30. In view of the foregoing considerations, the Court concludes that the applicant cannot be said to have suffered any significant disadvantage.
2. Whether respect for human rights as defined in the Convention and the Protocols thereto requires an examination of the application on the merits
31. The Court observes that the problem of exhaustion of domestic remedies regarding a complaint to the president of a court concerned as being a requirement for the admissibility of a constitutional complaint, and regarding another remedy under the State Liability Act as being a requirement for the admissibility of an individual application under Article 34 of the Convention, as well as the role of these remedies under Article 13, including the systemic nature of this problem, has been identified and examined by the Court (see Ištván and Ištvánová , cited above).
32. The Court further observes that the Constitutional Court ’ s practice of requiring complainants to lodge a complaint with the president of a court prior to being allowed to bring a constitutional complaint was the reason why the applicant ’ s first constitutional complaint was rejected (see paragraph 16 above).
33. However, the Court also observes that the applicant ’ s second constitutional complaint was examined in substance and as such it was found to be manifestly ill-founded, irrespective of the fact that he had not asserted his claim before the President of the District Court prior to lodging his constitutional complaint (see paragraph 17 above).
34. Furthermore, the Court considers that on the specific facts of the present case, the element of the “respect for human rights” of the new admissibility requirement has to be assessed in correlation with the considerations underlying its assessment of the elements of “significant disadvantage” (see above) and of “due consideration by a domestic tribunal” (see below) and vice versa .
35. In sum, the Court concludes that respect for human rights as defined in the Convention and its Protocols does not require an examination of the present application on the merits.
3. Whether the case was duly considered by a domestic tribunal
36. The Court observes that Article 35 § 3 (b) does not allow an application to be rejected if the case has not been duly considered by a domestic tribunal.
37. As noted above, the applicant ’ s second constitutional complaint was examined in substance and as such it was found to be in any event manifestly ill-founded.
38. In addition, the Court observes that in formulating his second constitutional complaint, the applicant limited its scope to the part of the proceedings which took place before the District Court (see paragraph 15 above), and by so doing he had prevented the Constitutional Court from examining their overall length, including the part which took place before the Court of Appeal (see Obluk v. Slovakia , no. 69484/01, § 62, 20 June 2006).

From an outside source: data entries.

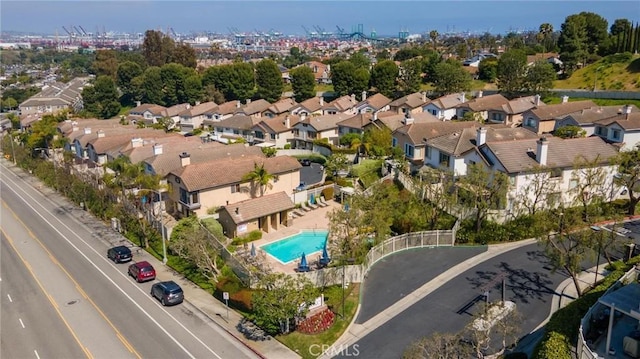 aerial view of property and surrounding area featuring a pool and nearby suburban area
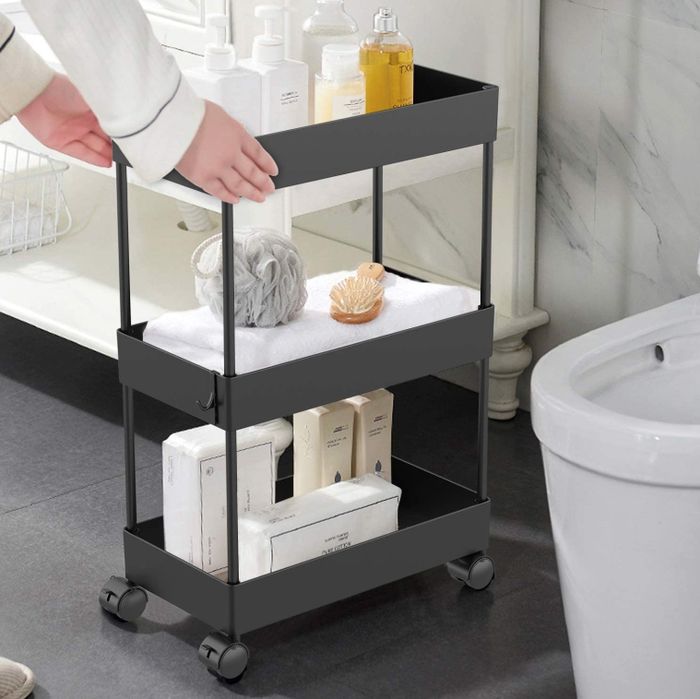 The cart filled with various bathroom essentials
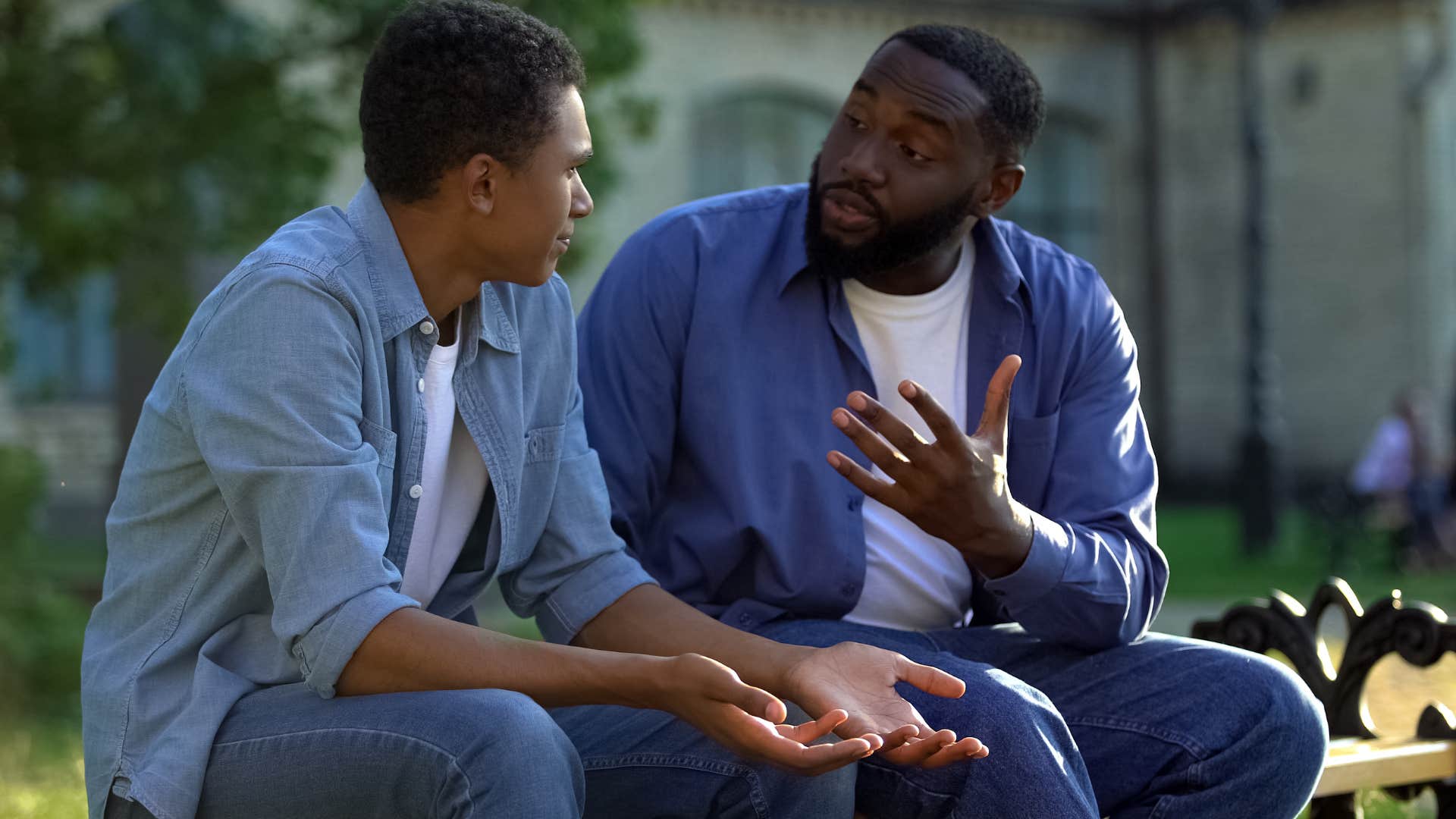 Father talking to his adult son on a park bench.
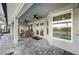 Covered outdoor patio with ceiling fans, dining table, and views of the backyard and pool at 17 White Marsh Ln, Rotonda West, FL 33947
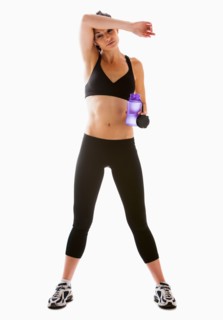 Young woman resting after exercising, studio shot. Photo : Mike Kemp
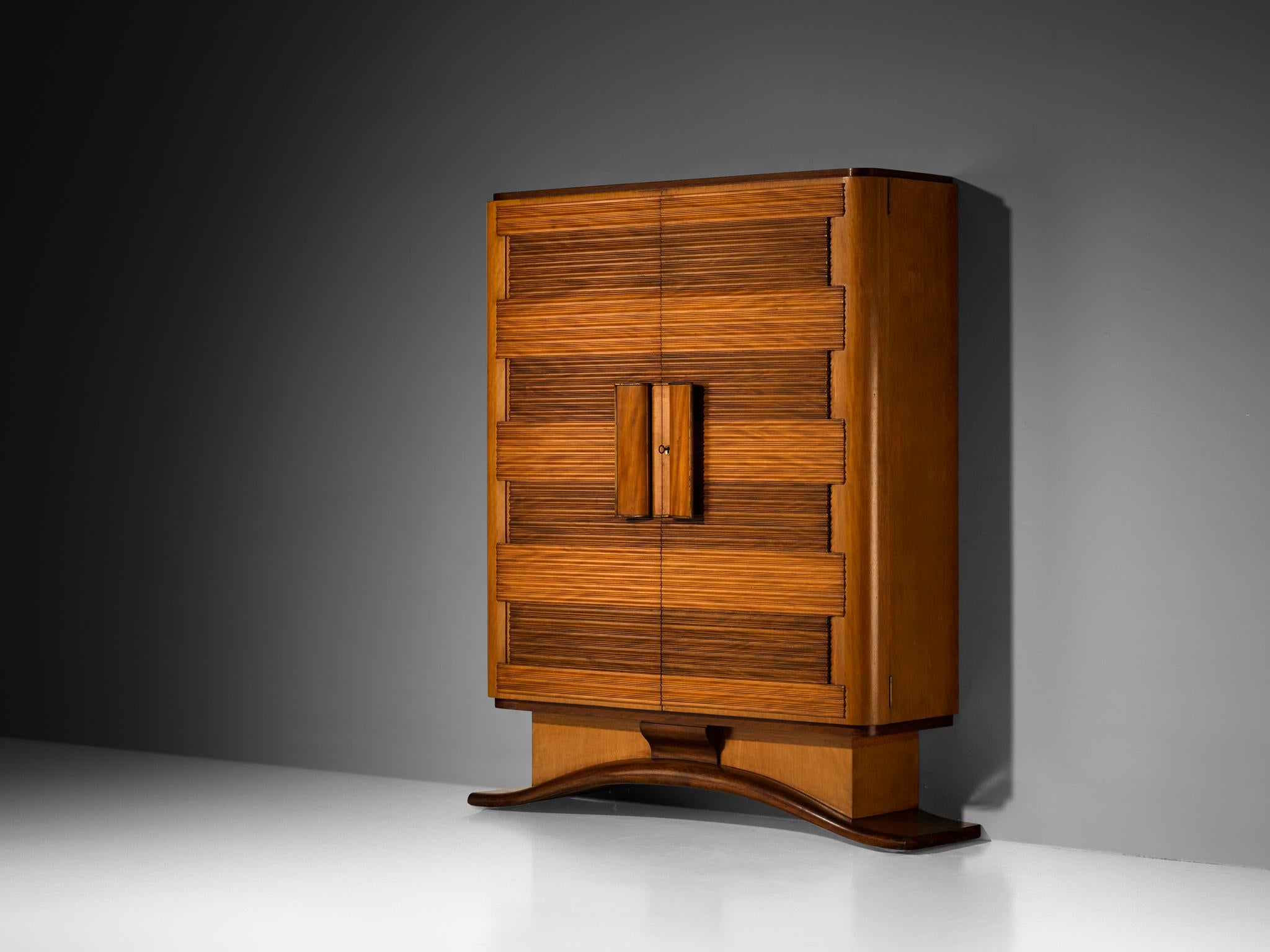 Armoire, acajou, verre miroir, verre, laiton, Italie, années 1950 

Cette charmante armoire se distingue par ses panneaux de porte graphiques, avec des lignes horizontales sculptées qui ajoutent du caractère et mettent en valeur le savoir-faire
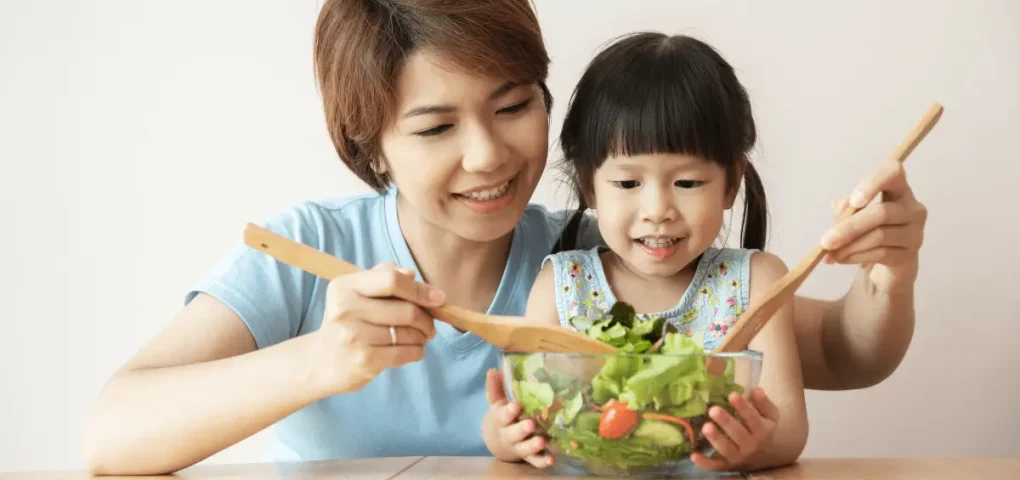 mom and daughter mixing a bowl of salad together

39. As to the part of the proceedings contested by the applicant in the Constitutional Court, the Court notes that it has been reviewed in quite some detail (see paragraph 17 above) and considers, in view of all the circumstances, that the Constitutional Court ’ s conclusions cannot be dismissed as being manifestly arbitrary, irregular or otherwise wrong.
40. The Court concludes therefore that the applicant ’ s case was duly considered by a domestic tribunal within the meaning of Article 35 § 3 (b) of the Convention.
4. Conclusion
41. The three conditions of the inadmissibility criterion having been satisfied, the Court finds that the application must be declared inadmissible under Article 35 §§ 3 (b) and 4 of the Convention.
42. The conclusion in the precedent paragraph is without prejudice to the possible inadmissibility of the application on other grounds, including an abuse of the right of individual application within the meaning of Article 35 § 3 (a) of the Convention (in that respect see, inter alia , paragraph 4 above).
For these reasons, the Court unanimously
Declares the application inadmissible.